* _WHAT YOU HAVE TO DO_:
Below is a listing; write it out exactly and drop any images from it.

====

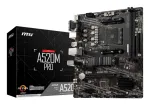 MSI A520M PRO pagrindinė plok&scaron;tė AMD A520 Socket AM4 micro ATX
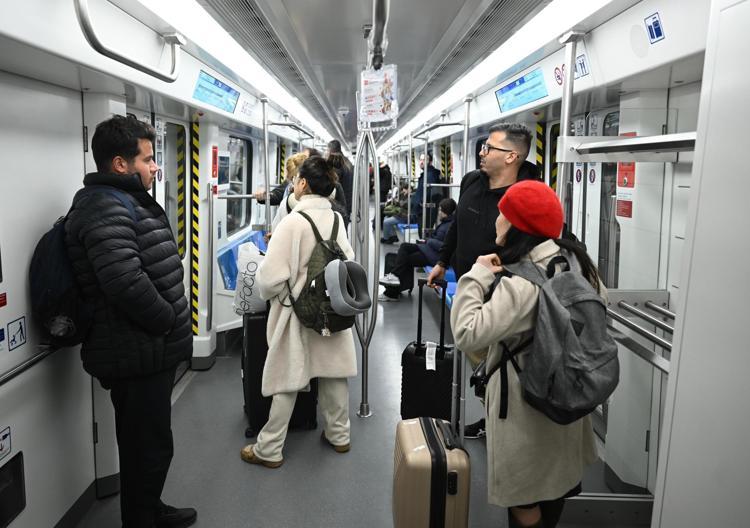 TÜRKİYENİN EN HIZLI METRO HATTI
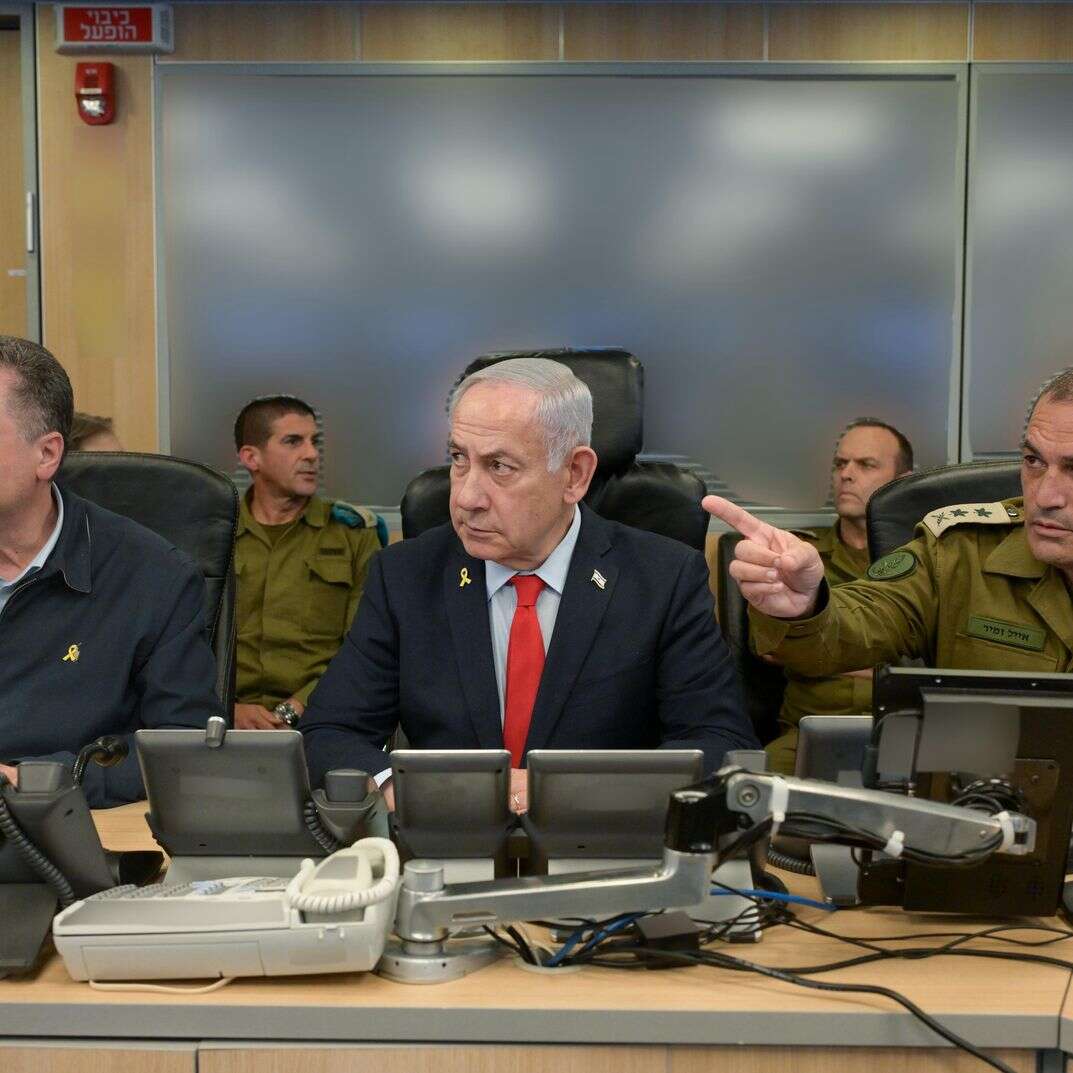 נתניהו, זמיר וכ"ץ | מעיין טואף, לע"מ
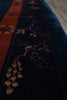 Load image into Gallery viewer, 9 x 11.6 Antique Art Deco Bejing Rug Blue #PIX-22337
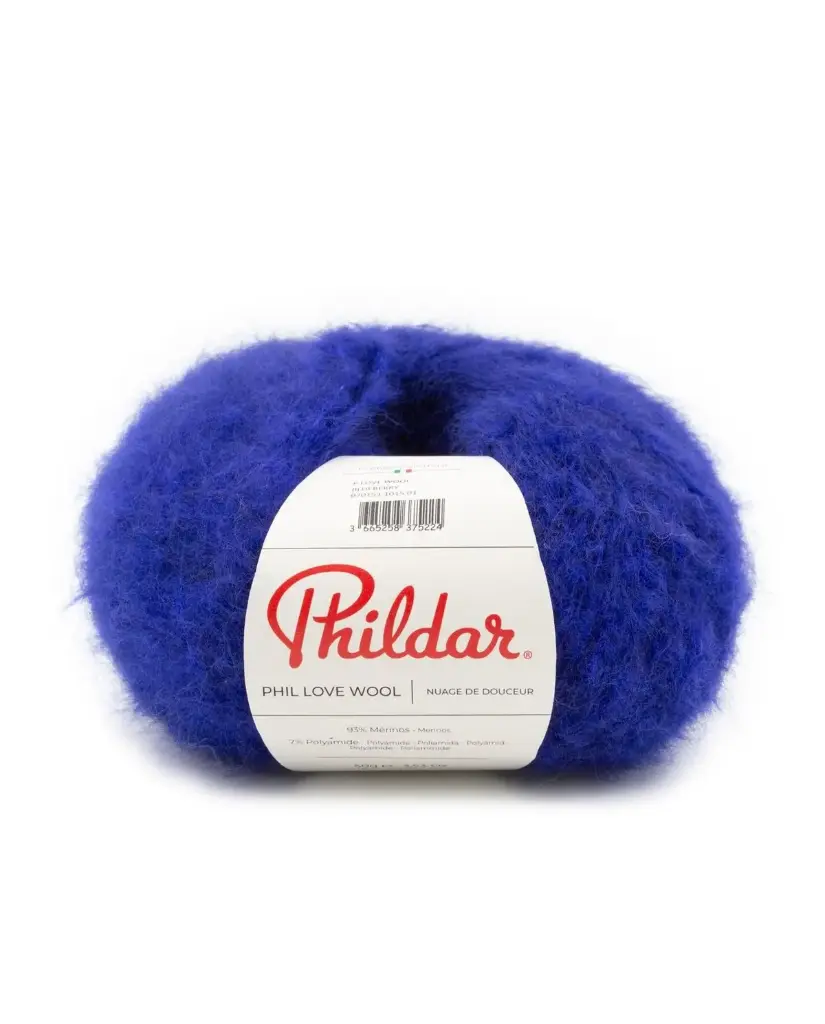 Phil Love wool - solde -50%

====

* _ANSWER SPACE_:
 MSI A520M PRO pagrindinė plok&scaron;tė AMD A520 Socket AM4 micro ATX
 TÜRKİYENİN EN HIZLI METRO HATTI
 נתניהו, זמיר וכ"ץ | מעיין טואף, לע"מ
 Load image into Gallery viewer, 9 x 11.6 Antique Art Deco Bejing Rug Blue #PIX-22337
 Phil Love wool - solde -50%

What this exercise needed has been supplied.